> **Exercise instructions**:
Once you reach the line with "Adidas WMNS KNITTED", transcribe it and every line after it to the end of the records, exactly, but not the pictures.

(Beginning of Exercise data)

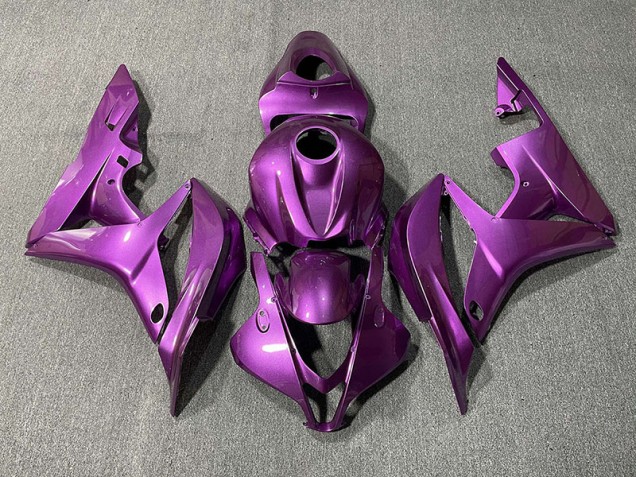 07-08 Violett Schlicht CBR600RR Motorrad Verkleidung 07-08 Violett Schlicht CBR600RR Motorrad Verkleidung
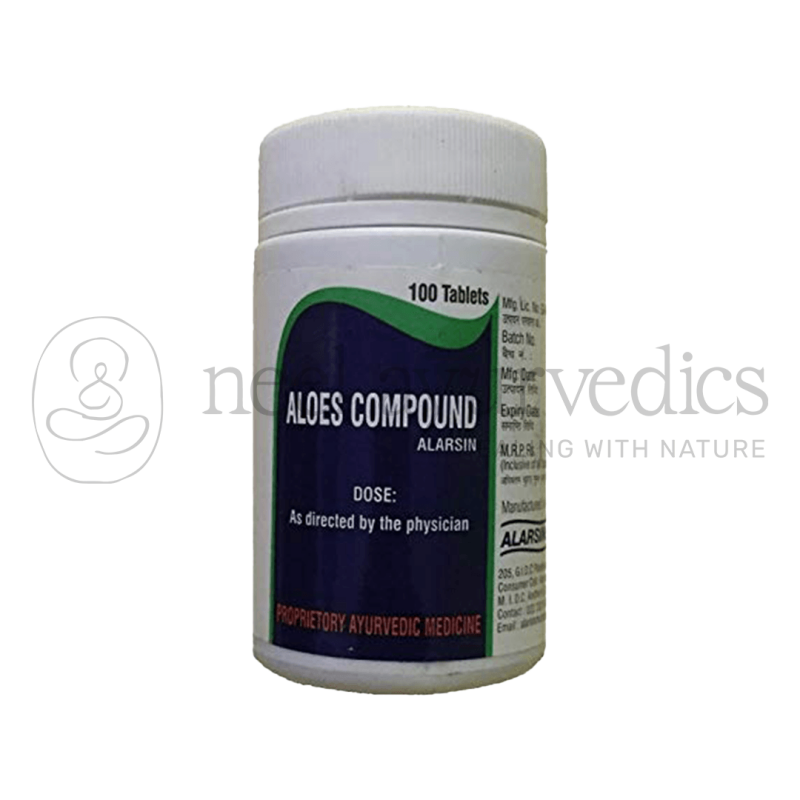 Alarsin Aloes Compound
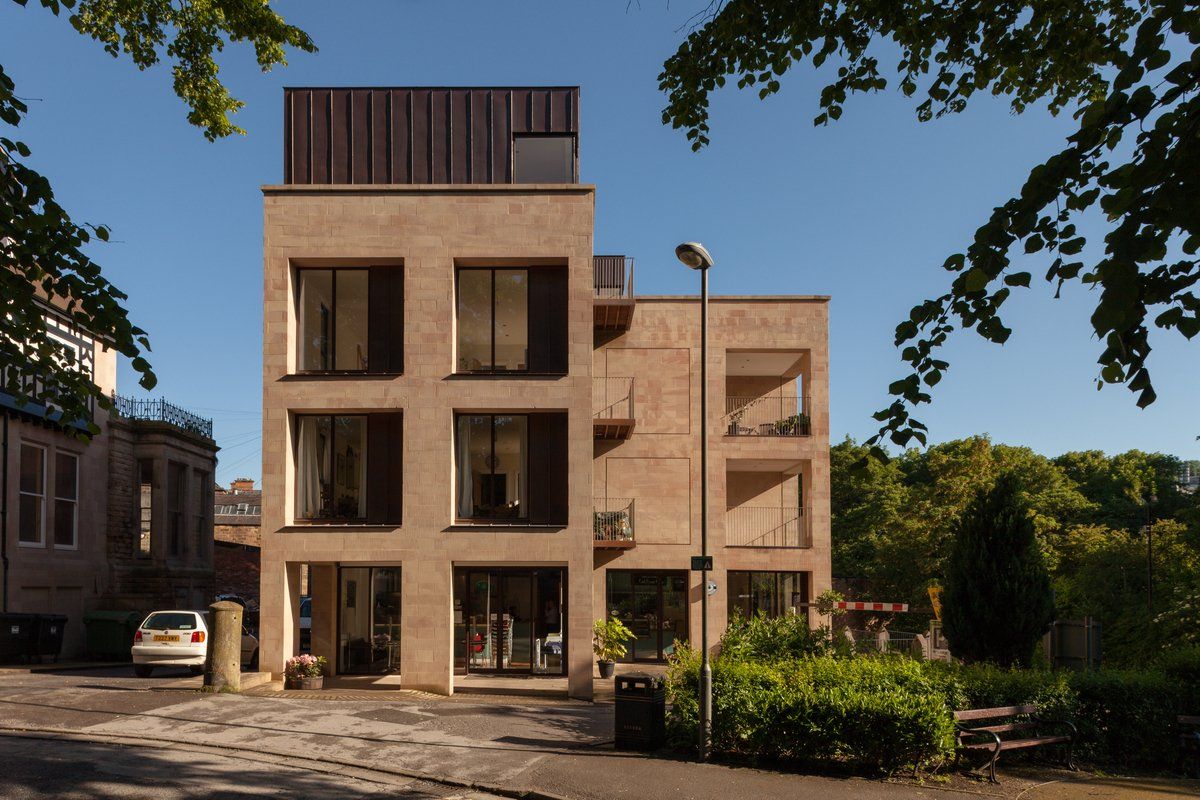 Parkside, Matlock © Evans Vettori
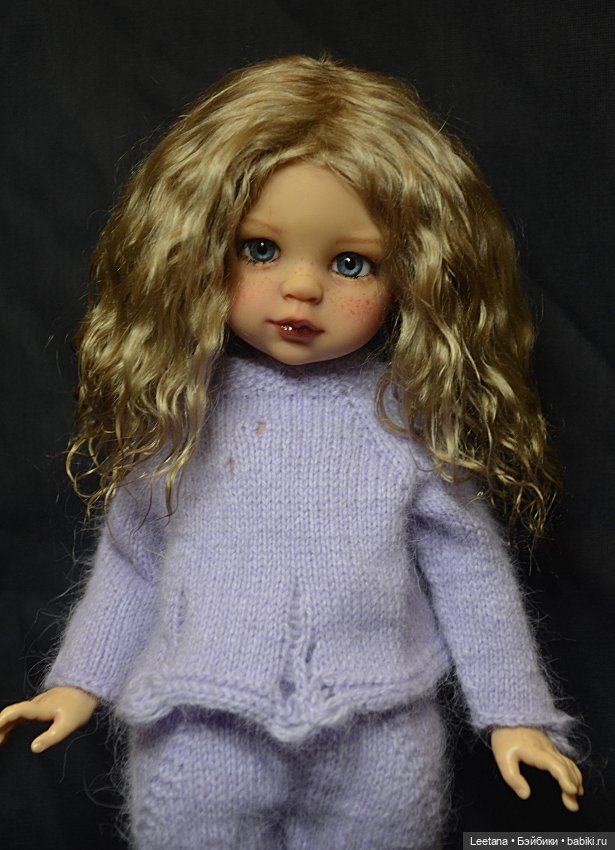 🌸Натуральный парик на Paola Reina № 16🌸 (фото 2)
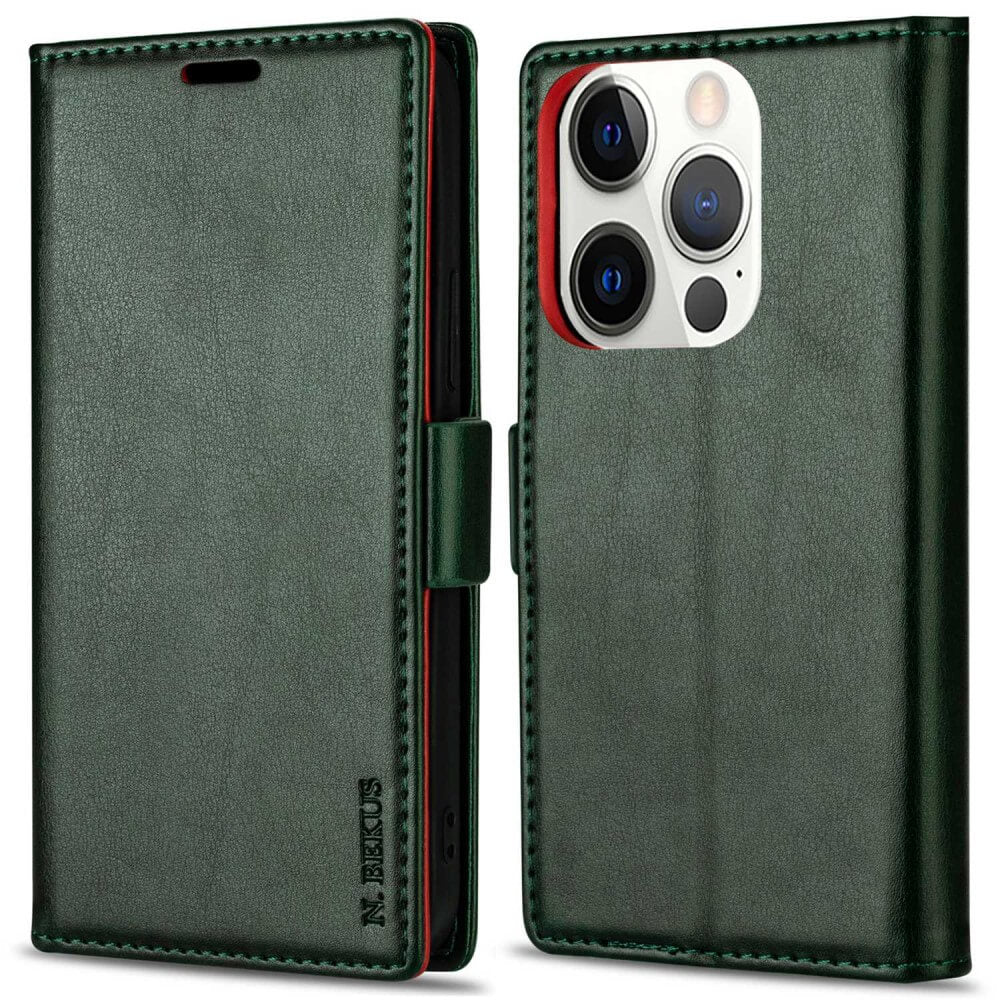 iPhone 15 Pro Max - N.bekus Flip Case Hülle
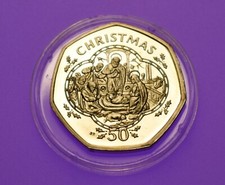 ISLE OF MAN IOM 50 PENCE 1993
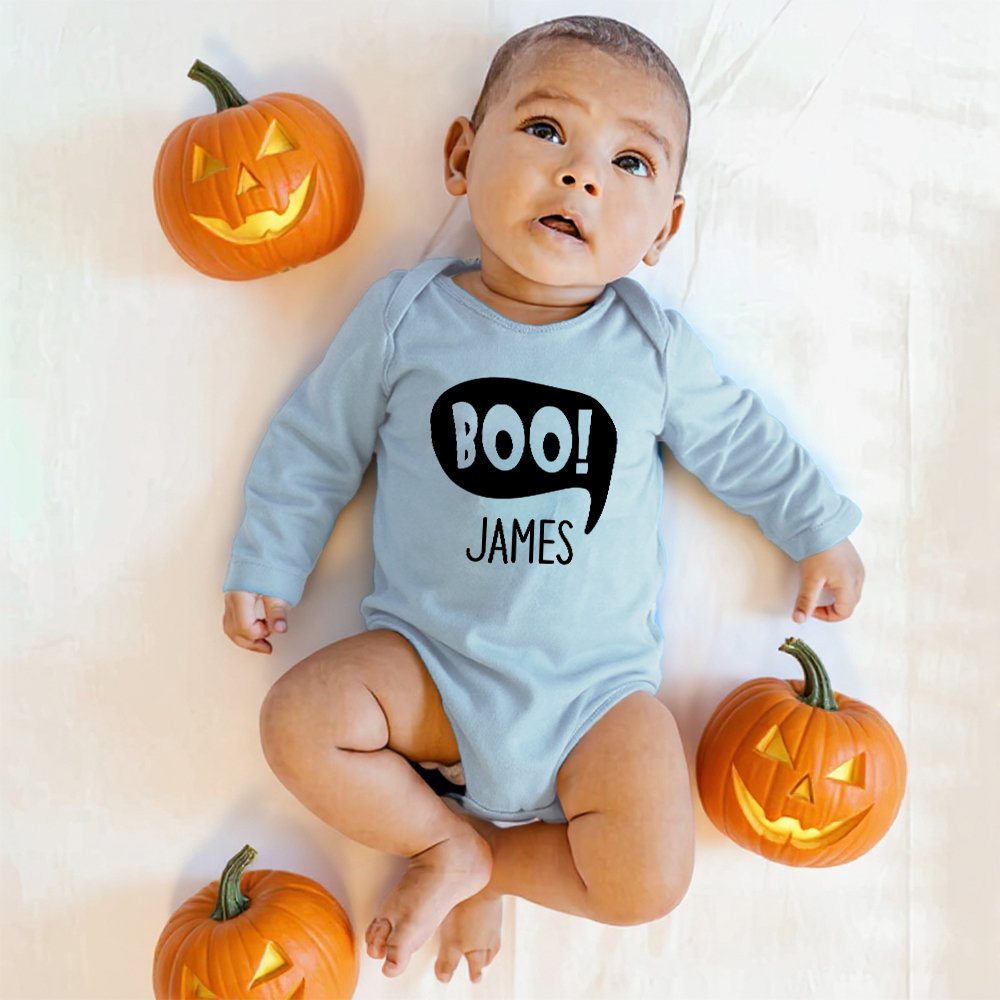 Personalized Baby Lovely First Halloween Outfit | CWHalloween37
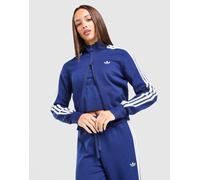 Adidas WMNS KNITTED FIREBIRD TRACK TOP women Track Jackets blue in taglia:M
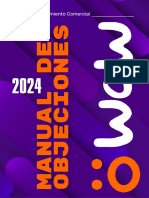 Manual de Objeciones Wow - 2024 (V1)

(End of Exercise data)

> **Answer**:
 Adidas WMNS KNITTED FIREBIRD TRACK TOP women Track Jackets blue in taglia:M
 Manual de Objeciones Wow - 2024 (V1)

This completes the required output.